The healthcare market in the U.S., which spent $3.3 trillion in 2016 on medical products and services, is ripe for disrupton from a new entrant — especially Amazon.com Inc. — due to steep costs, growing consumerism, lack of transparency as well as strong regulatory oversight, S&P Global Ratings said in a report.
The online retail and media giant has initially set its sights on the medical supplies business, leaving e-commerce sites, group purchasing organizations, and medical, laboratory and dental distributors with the highest exposure to near-term competition, S&P analysts wrote in a Feb. 15 report.
Separately, Amazon, Berkshire Hathaway Inc. and JPMorgan Chase & Co. in January revealed plans to jointly launch a technology-focused healthcare company, which temporarily pulled down the stock price of numerous insurers, medical suppliers and pharmacy benefit managers.

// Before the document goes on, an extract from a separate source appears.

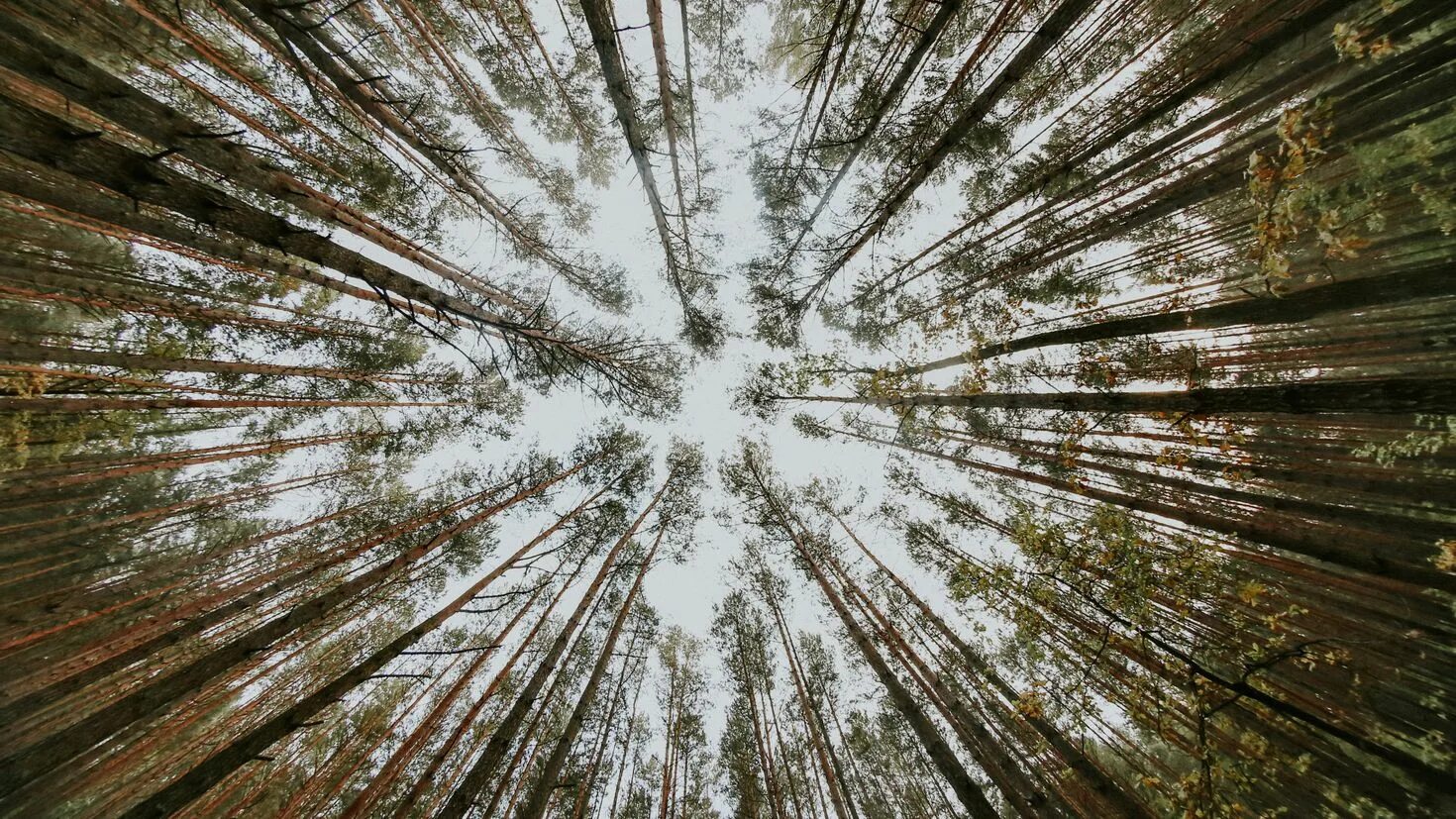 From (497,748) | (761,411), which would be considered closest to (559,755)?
(497,748)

"As Amazon expands its scope, it could bring price transparency to an industry that's currently opaque, which could have implications beyond the supply chain," the S&P report noted.
The risk of an impending disruption could serve as a catalyst for increasing healthcare M&A, with some analysts pointing to the Amazon threat as a potential reason behind drug retailer and pharmacy benefit manager CVS Health Corp.'s decision to buy insurer Aetna Inc. U.S. medical supplier AmerisourceBergen Corp. may also be a target, according to a Feb. 12 report in The Wall Street Journal that said drugstore chain Walgreens Boots Alliance Inc. is considering a bid for the company.

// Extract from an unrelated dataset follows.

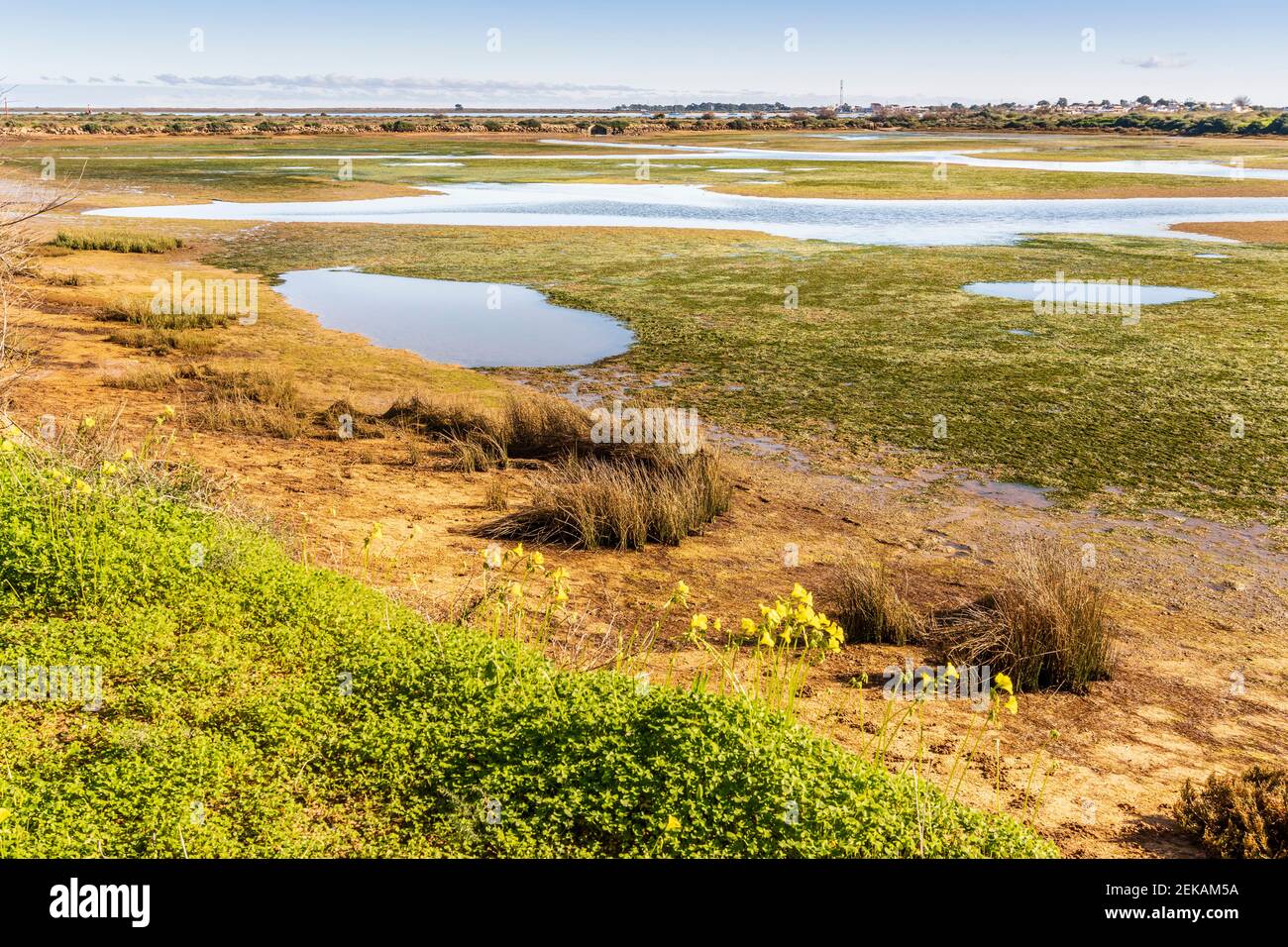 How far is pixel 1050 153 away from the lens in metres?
70.9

An increased number of debt-financed acquistions and more competition can lead to negative credit rating changes, with the agency recently lowering the ratings on medical suppliers Owens & Minor, Inc., Cardinal Health Inc. and Lanai Holdings III Inc. following M&A moves, S&P said.
"We believe the specter of an Amazon entry could be a catalyst for mergers and acquisitions among healthcare participants, as they seek to improve their competitive position or diversify," the S&P analysts wrote. "That could initially result in some downgrades."

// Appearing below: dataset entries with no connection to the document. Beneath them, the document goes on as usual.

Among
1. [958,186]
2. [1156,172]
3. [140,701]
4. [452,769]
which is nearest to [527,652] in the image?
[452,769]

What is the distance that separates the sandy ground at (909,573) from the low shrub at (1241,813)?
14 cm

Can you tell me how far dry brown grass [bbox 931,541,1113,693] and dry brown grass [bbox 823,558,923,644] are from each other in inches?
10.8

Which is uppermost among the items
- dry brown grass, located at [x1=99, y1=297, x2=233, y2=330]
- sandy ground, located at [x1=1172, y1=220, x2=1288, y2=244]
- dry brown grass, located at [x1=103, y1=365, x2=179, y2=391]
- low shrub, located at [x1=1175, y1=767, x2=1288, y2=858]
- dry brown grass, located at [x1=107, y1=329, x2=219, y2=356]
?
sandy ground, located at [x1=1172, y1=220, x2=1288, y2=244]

Privately held healthcare e-commerce website Global Healthcare Exchange, LLC, which connects healthcare providers with suppliers, could be undercut by Amazon on pricing thus impacting its volume.
Potential for market share erosion
Medical, dental and laboratory supplies distributors such as Owens & Minor and privately held Lanai may also see an erosion of their market share, as well as Thermo Fisher Scientific Inc.'s laboratory distribution arm, Fisher Scientific.
Pharmaceutical distributors Cardinal Health Inc. and McKesson Corp. have smaller medical supplies distribution businesses that could be affected by the Amazon venture, according to the report.
Smaller providers of outpatient care such as ambulatory surgical centers, nursing homes and rehabilitation centers are more likely to order from Amazon, compared to acute care hospitals, which have deep relationships with their distributors that are required to deliver many products on short notice.
The report highlighted that while Lanai Holdings' major revenue comes from serving rehabilitation centers, thus leaving it more exposed, Cardinal Health and Owens & Minor were less vulnerable as they primarily serve the acute care hospital market.
As for competing with group purchasing organizations such as Vizient, Inc., an entity that negotiates discounts on supplies on behalf of healthcare providers, Amazon would need to price products lower than those of the GPO contracts, which would be difficult, S&P analysts said.
While not a priority, Amazon could enter the prescription drug distribution business even though the company already sells over-the-counter medicines, the report noted.
The online retailer, which owns the domain name AmazonRx.com, could also use recently acquired groceries chain Whole Foods Market Inc. to set up pharmacies within the stores or pick-up locations for drugs.
However, to gain maket share in selling higher-priced specialty or branded products, Amazon will have to strike a deal or buy a pharmacy benefit manager with the latter being a more likely scenario, S&P said. Express Scripts Inc. is the only standalone pharmacy benefit manager among the three biggest in the U.S., which include CVS Health and UnitedHealth Group Inc.
Without a pharmacy benefit manager, Amazon would only be able to sell drugs paid for in cash, which account for a very small share of retail prescriptoins compared to those paid for by third party vendors or federal health programs.
The venture will not gain significant traction in drug wholesale distribution initially due to lack of scale to gain leverage while buying medicines, the agency said.
Amazon, however, may be able to gain a share of drug distribution by starting or acquiring a pharmacy and compete with independent pharmacies, which is a profitable part of the distributors' business. There is also market speculation that Amazon is interested in starting a pharmacy business outside the U.S., which may compete with some of McKesson's operations, the S&P report noted.
"While the pace of change is admittedly slow in healthcare, credit investors shouldn't put off evaluating how technological disruption could hamper healthcare companies' credit quality," the S&P analysts said.
S&P Global Ratings and S&P Global Market Intelligence are owned by S&P Global Inc.